Minimize[{v + w + x + y + z, (v+w)/(x+y+z) == y/z &&  y/z== w/(x+y)&& v >= 1 && x >= 1 && y >= 1 && w >= 1 && z >= 1}, {v, w, x, y, z}]

It found a global min at $(v,w,x,y,z)=(1,\sqrt{2},1,1,\sqrt{2})$. What techniques might WolframAlpha be using to find this solution?

Answer 1

• Simplifying the constraints. Set $$ t=\frac{x+y+z}{v+w}=\frac{z}{y}=\frac{x+y}{w}, $$ then $$ \left\{ \begin{array}{rcl} x+y+z&=&t(v+w),\\ z&=&ty,\\ x+y&=&tw \end{array}\right. \quad\Rightarrow\quad y=v, $$ and the problem becomes $$ \min\, (1+t)(y+w)\quad\text{subject to } \left\{ \begin{array}{rcl} 1&\le&ty,\\ 1+y&\le&tw,\\ 1&\le&y,\\ 1&\le&w. \end{array}\right.\quad\Leftrightarrow\quad \left\{ \begin{array}{rcl} 1-ty&\le&0,\\ 1+y-tw&\le&0,\\ 1-y&\le&0,\\ 1-w&\le&0. \end{array}\right.\tag{*} $$
• Applying the KKT necessary condition. $$ \left\{ \begin{array}{rcl} 1+t-\mu_1t+\mu_2-\mu_3&=&0,\\ 1+t-\mu_2t-\mu_4&=&0,\\ y+w-\mu_1y-\mu_2w&=&0,\\ \mu_1(1-ty)&=&0,\\ \mu_2(1+y-tw)&=&0,\\ \mu_3(1-y)&=&0,\\ \mu_4(1-w)&=&0,\\ \mu_k\ge 0\text{ and }(*) \end{array} \right.\quad\Leftrightarrow\quad \left\{ \begin{array}{rcl} 1+(1-\mu_1)t+\mu_2-\mu_3&=&0,\quad(1)\\ 1+(1-\mu_2)t-\mu_4&=&0,\quad(2)\\ (1-\mu_1)y+(1-\mu_2)w&=&0,\quad(3)\\ \mu_1(1-ty)&=&0,\quad(4)\\ \mu_2(1+y-tw)&=&0,\quad(5)\\ \mu_3(1-y)&=&0,\quad(6)\\ \mu_4(1-w)&=&0,\quad(7)\\ \mu_k\ge 0\text{ and } (*)&&\ \ \ \ \quad(8) \end{array} \right. $$
• Solution.
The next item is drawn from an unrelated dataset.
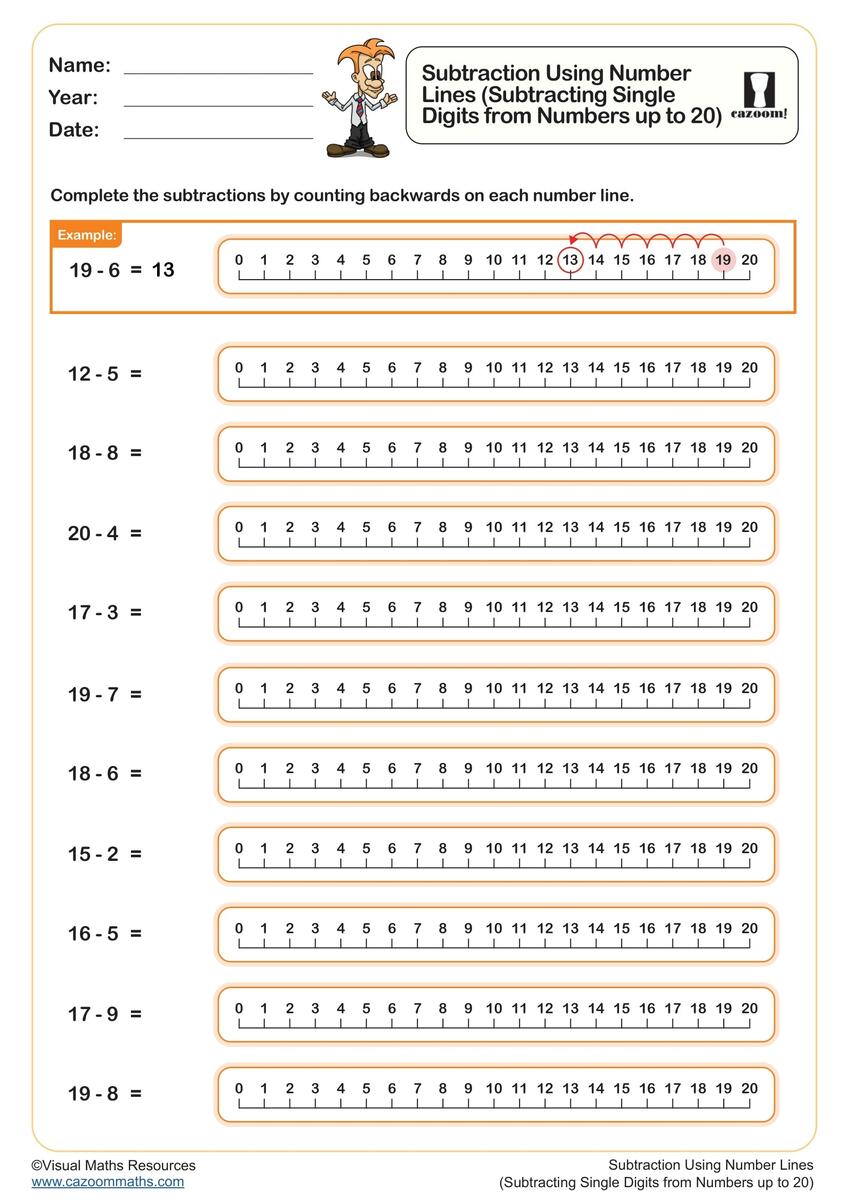 Subtraction Using Number Lines Subtracting Single Digits From Numbers Up To 20 Worksheet Printable Year 1 Subtraction Worksheet Subtraction Using Number Lines Subtracting Single Digits From Numbers Up To 20 Worksheet Printable Year 1 Subtraction Worksheet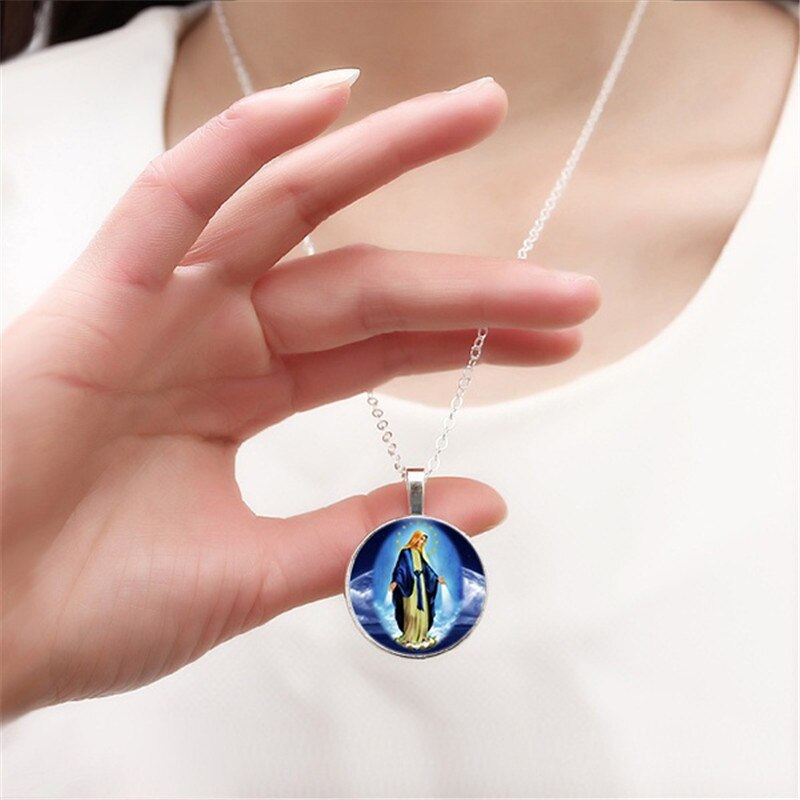 Jomfru mary glass cabochon anheng halskjede øredobber armbånd armbånd sett totalt 4 stk smykkesett til kvinner og #39 ;s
Equation (3) together with feasibility (*) leaves only 2 possibilites:
  Case 1: $1-\mu_1\ge 0$, $1-\mu_2\le 0$ or
  Case 2: $1-\mu_1\le 0$, $1-\mu_2\ge 0$.

Consider those cases.
Case 1. We have $\mu_2>0$ and from (1) $\mu_3>0$, hence, from (5) and (6) it follows that $$y=1,\quad tw=1+y=2.$$ - Assume $\mu_1=0$. Then from (3) we have $(\mu_2-1)w=1$ and from (2) $\mu_4=1-t/w$.
If $\mu_4=0$ then $t=w=\sqrt{2}$ and the objective value is $\color{red}{(1+\sqrt{2})^2}$.
If $\mu_4>0$ then from (7) $w=1$, thus $t=2$ and the objective value is $\color{red}{6}$.
- Assume $\mu_1>0$. Then from (4) we get $1=ty=t$, thus $w=2$ and the objective value is $\color{red}{6}$.

Case 2. We have $\mu_1>0$ and from (2) $\mu_4>0$, hence, from (4) and (7) it follows that $$ w=1,\quad ty=1. $$ - Assume $\mu_2=0$. Then from (3) we get $(\mu_1-1)y=1$ and from (1) $\mu_3=1-t/y$.
If $\mu_3=0$ then $t=y=1$ and the objective value is $\color{red}{4}$.
If $\mu_3>0$ then from (6) $y=1$, hence, $t=1$ and the objective value is $\color{red}{4}$.
- Assume $\mu_2>0$. Then from (5) $1+y=tw=t$. It gives $1=ty=(1+y)y$ $\Rightarrow$ $y=\frac{1}{1+y}\le \frac12$. It is not possible as it contradicts $y\ge 1$.

Comparing the red objective values, it is clear that the smallest is for $y=1$, $t=w=\sqrt{2}$. Finally, $x=tw-y=1$, $z=ty=\sqrt{2}$ and $v=y=1$.